Plus encore qu'en 1920 ou en 1930, une pédagogie moderne doit s'adapter aux changements qui ont boule­versé la vie des peuples, aux incessantes mutations susci­tées par la naissance de l'ère atomique, paf la brusque extension d'une démocratisation désormais irréversible.
En France notamment, une réforme, lente à s'ébran­ler, n'en pose pas moins aujourd'hui des problèmes iné­luctables, pour lesquels psychologues, pédagogues, ani­mateurs sociaux, cherchent en vain des solutions.

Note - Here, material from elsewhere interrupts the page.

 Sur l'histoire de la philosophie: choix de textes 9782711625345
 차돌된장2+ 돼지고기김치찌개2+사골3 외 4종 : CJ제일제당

La « Pédagogie Freinet » de l'Ecole Moderne a la prétention d'apporter les réponses indispensables, et pas seulement des réponses théoriques toujours faciles, mais surtout la preuve que les théories généreuses des grands pédagogues peuvent aujourd'hui devenir réalité, qu'elles le sont déjà dans des milliers d'écoles où-elles ont affirmé


leurs bienfaits et que donc un feu vert est désormais déblo­qué sur les voies encore cahotiques de l'avenir.
Que sont ces techniques Freinet ? Comment ont-elles pris naissance ? Qui les anime ? Quelles forces lui valent une telle audience, gage des succès à venir ?
C'est ce que nous voudrions exposer brièvement dans cette étude qui se présente comme une sorte de synthèse, les lecteurs intéressés pouvant toujours se documenter dans les livres et revues de Freinet et de ses collabo-teurs (1).
(1) Voir page 2.


COMMENT SE POSE LE PROBLÈME
Pour nous, instituteurs primaires, la pédagogie, c'est la science de la conduite d'une classe en vue d'une ins­truction et d'une éducation optimales des enfants qui la composent. C'est du moins la définition de bon sens que nous en donnons en fonction de notre propre expérience.
La solution de ce problème dépend certes des ouvriers qui ont la charge de le résoudre. Si ceux-ci sont suffi­samment intuitifs et sensibles; s'ils ont équilibre, maîtrise et autorité, ils peuvent exceptionnellement, sans apprentis­sage spécial, sans techniques ni matériel, et pour ainsi dire par une méthode à eux, parvenir à des résultats très satisfaisants et parfois même exceptionnels, tel Maka­renko.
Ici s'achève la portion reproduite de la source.